In this public lecture, Professor Michael Grubb, Chair of Energy and Climate Policy at the Cambridge University Centre for Climate Change Mitigation Research, and Senior Advisor on Sustainable Energy Policy to the UK Energy Regulator Ofgem, presents findings from his new book Planetary Economics which shows the surprising links between these seemingly unconnected facts. He will argue that tackling the energy and environmental problems of the 21st Century requires three different domains of decision-making to be recognised and connected. Each domain involves different theoretical foundations, draws on different areas of evidence, and implies different policies.
The book shows that the transformation of energy systems involves all three domains – and each is equally important. From them flow three pillars of policy (standards and engagement, markets and prices, innovation and infrastructure) – three quite distinct kinds of actions that need to be taken, which rest on fundamentally different principles. Any pillar on its own will fail.
In this lecture, hosted by SPRU, Professor Grubb will focus in particular on the third pillar of innovation and infrastructure. He will set out the evidence and explain why energy is “different” in terms of innovation, the elements of successful innovation strategies, and the factors that tend to lock us in to high-carbon energy systems.
Join us for this unique opportunity to hear about and discuss analysis which brings together the lessons from 25 years of research and implementation of energy and climate policies.

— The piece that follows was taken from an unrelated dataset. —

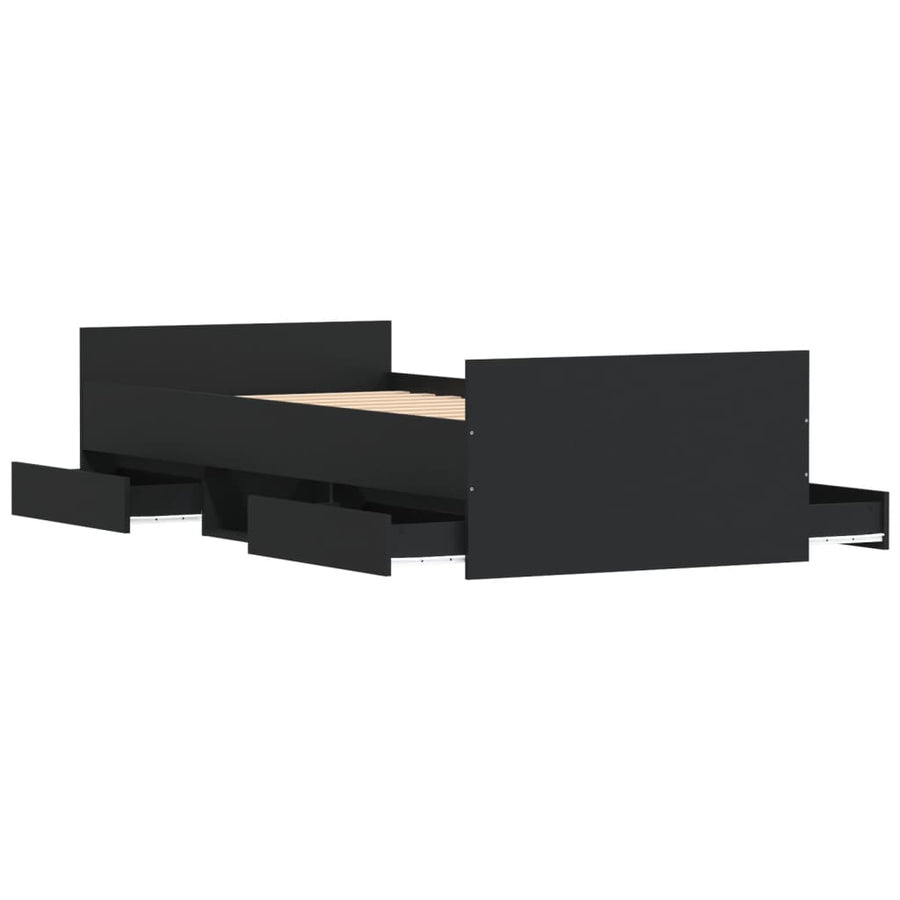 Bedframe Met Hoofd- En Voeteneinde 100 x 200 cm Zwart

Professor Michael Grubb is Chair of Energy and Climate Policy at the Cambridge University Centre for Climate Change Mitigation Research, and Senior Advisor on Sustainable Energy Policy to the UK Energy Regulator Ofgem . He is editor-in-chief of the journal Climate Policy , is on the editorial board of Energy Policy and was recently the Specialist Advisor to a House of Lords European Committee enquiry: ‘No Country is an Energy Island: securing investment for the EU’s Future’ (2013). His former positions include Chair of the international research organization Climate Strategies; Chief Economist at the Carbon Trust; Professor of Climate Change and Energy Policy at Imperial College London; and Head of Energy and Environment at Chatham House, and he continues to be associated with these institutions. In 2008 he was appointed to the UK Climate Change Committee, established under the UK Climate Change Bill to advise the government on future carbon budgets and to report to Parliament on their implementation.
Michael Grubb is author of seven books, fifty journal research articles and numerous other publications. He has held numerous advisory positions with governments, companies and international studies on climate change and energy policy, and has been a Lead Author for several reports of the IPCC on mitigation, including the IPCC Fourth Assessment Report.